• _Task description_:
Only the lines in the entries below from the line with "Youth #78 Josh" to the line with "(4) DELL DO7S", both included, belong in the answer, transcribed exactly and without pictures.
=== Records provided ===
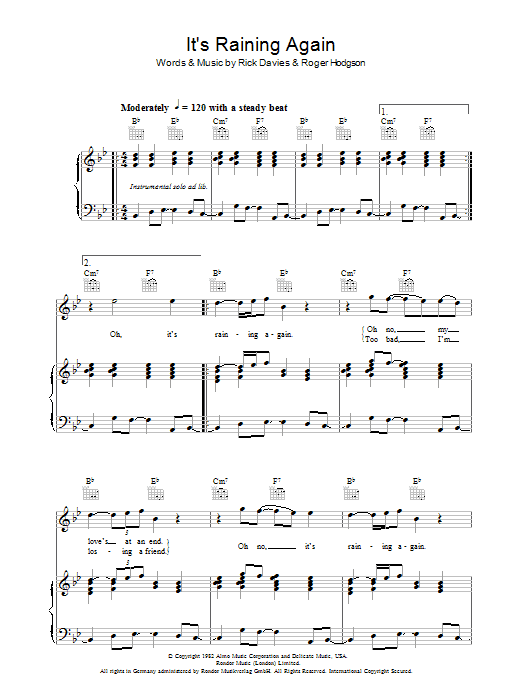 It's Raining Again (Piano, Vocal & Guitar Chords) von Supertramp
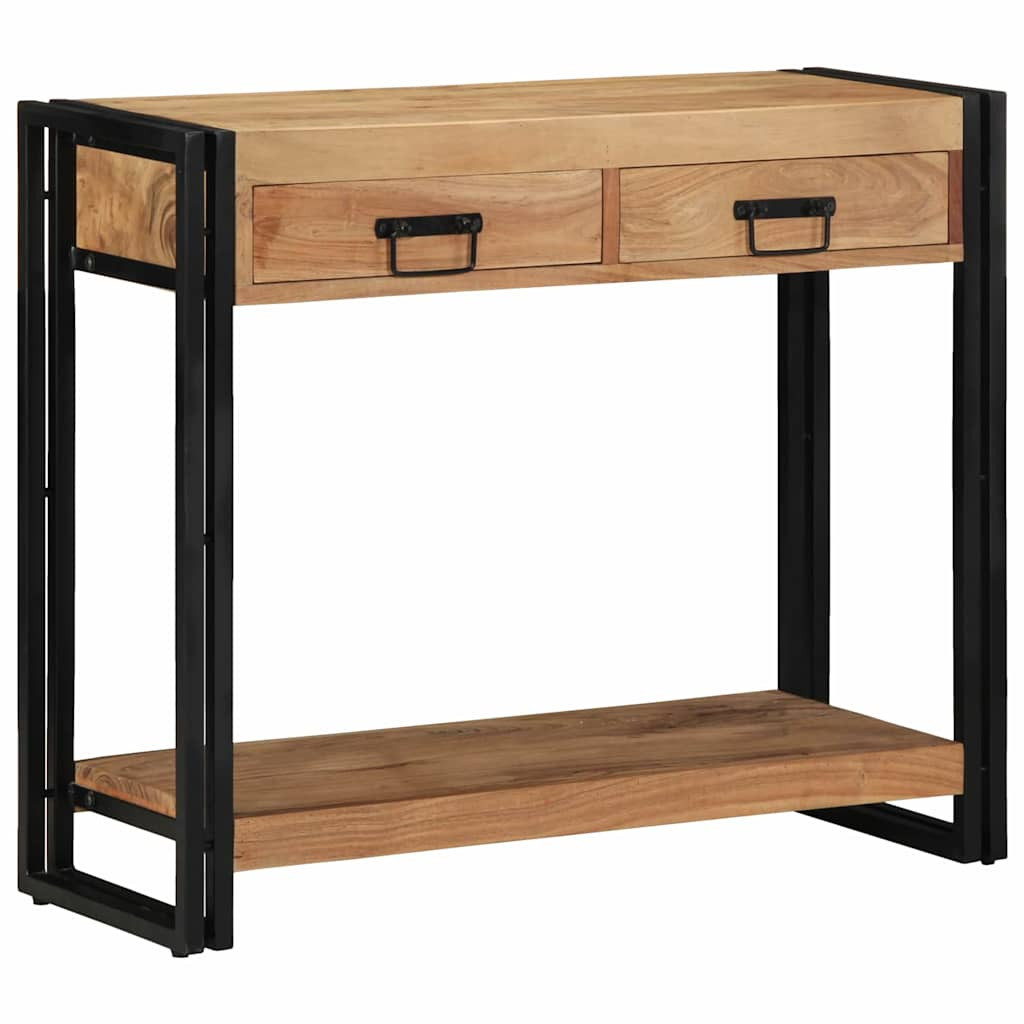 Konzolasztal fiókkal Barna 90 x 33 x 75 cm tömör akácfa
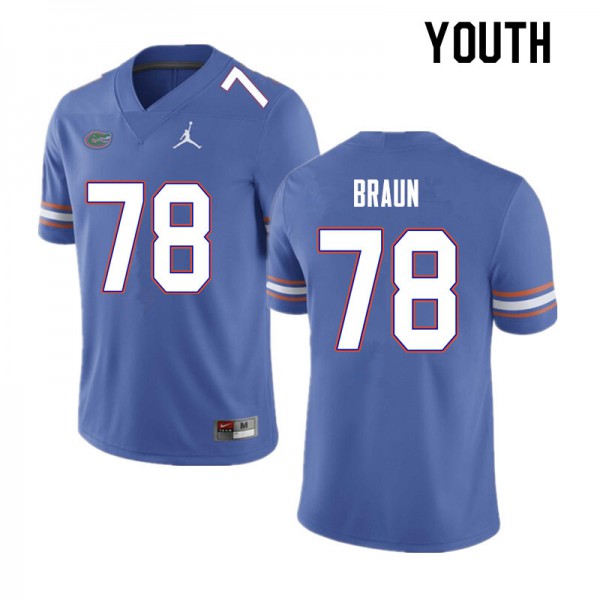 Youth #78 Josh Braun Florida Gators College Football Jerseys Blue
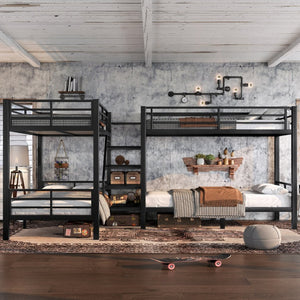 English Elm Twin L-shaped Steel Bunk Bed with Built-in Shelving and Full Guardrails Matte Black W1580S00439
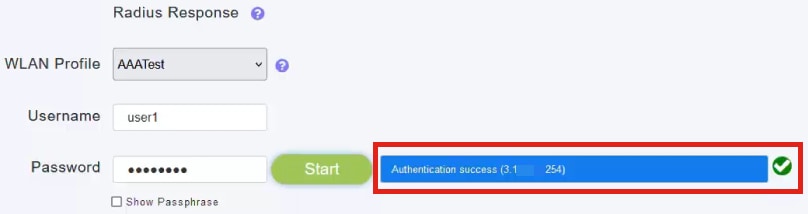 You will see an Authentication success notification after the test is completed. 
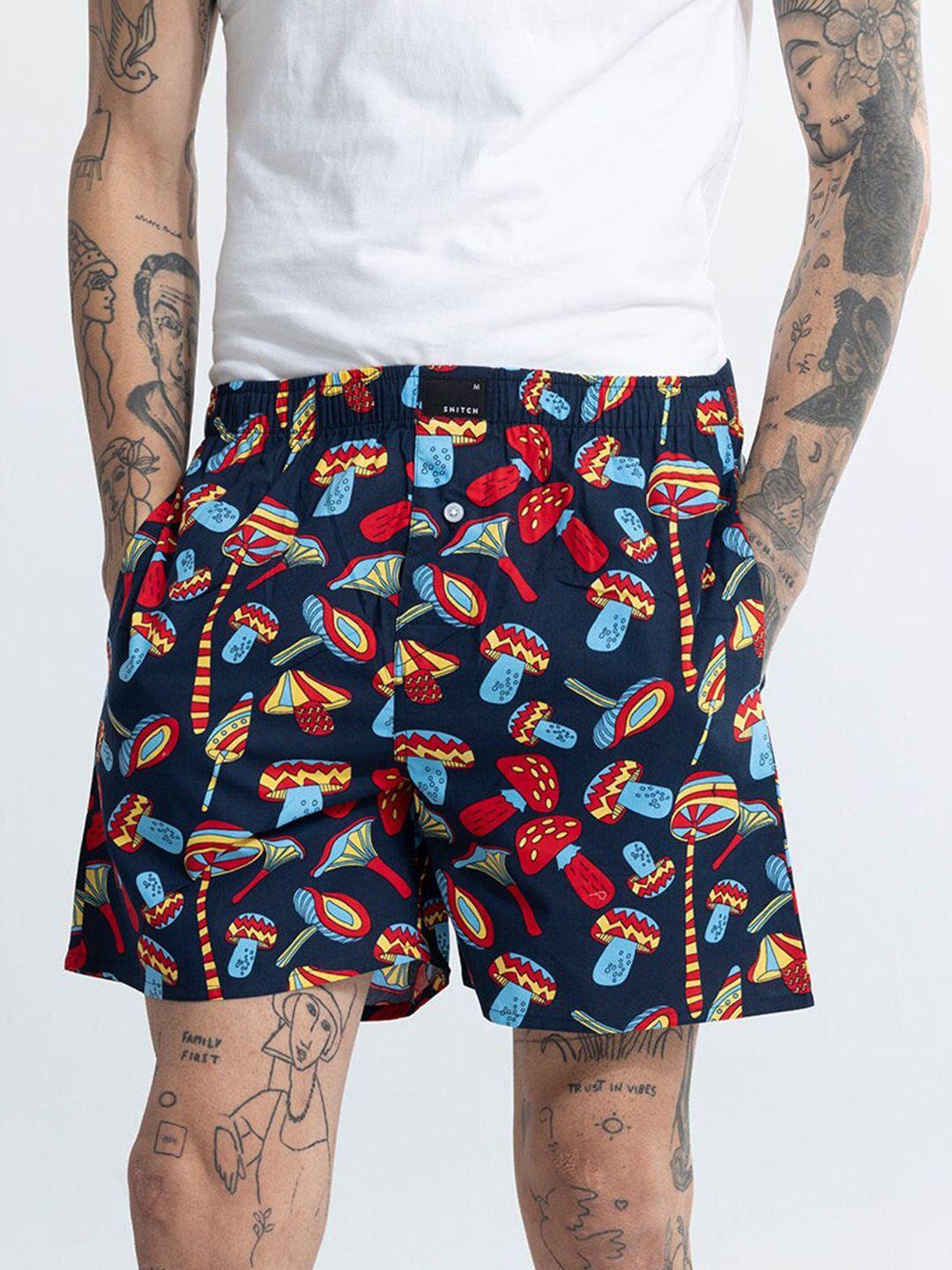 snitch navy blue printed pure cotton boxers 4msbx9229-03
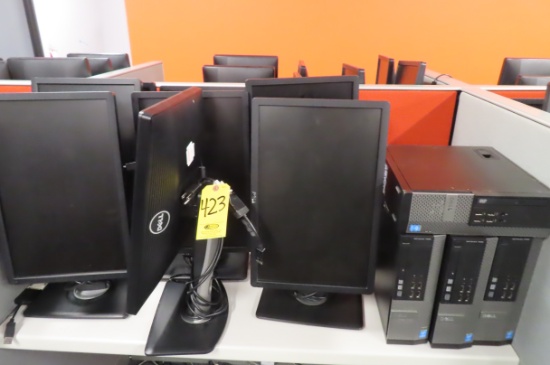 (4) DELL DO7S OPTIPLEX 7020  iCORE 3 PC'S, WINDOWS 10, (8) DELL 19 IN. MONITORS…
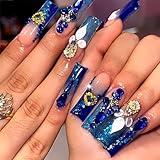 IMRAIN Press on Nails Long Square Fake Nails Blue Gradient Glue on Nails with Glitter Powder & Luxurious Butterfly Rhinestone Designs Full Cover Artificial Acrylic Reusable Nails for Women 24Pcs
===
• _Written answer_:
 Youth #78 Josh Braun Florida Gators College Football Jerseys Blue
 English Elm Twin L-shaped Steel Bunk Bed with Built-in Shelving and Full Guardrails Matte Black W1580S00439
 You will see an Authentication success notification after the test is completed. 
 snitch navy blue printed pure cotton boxers 4msbx9229-03
 (4) DELL DO7S OPTIPLEX 7020  iCORE 3 PC'S, WINDOWS 10, (8) DELL 19 IN. MONITORS…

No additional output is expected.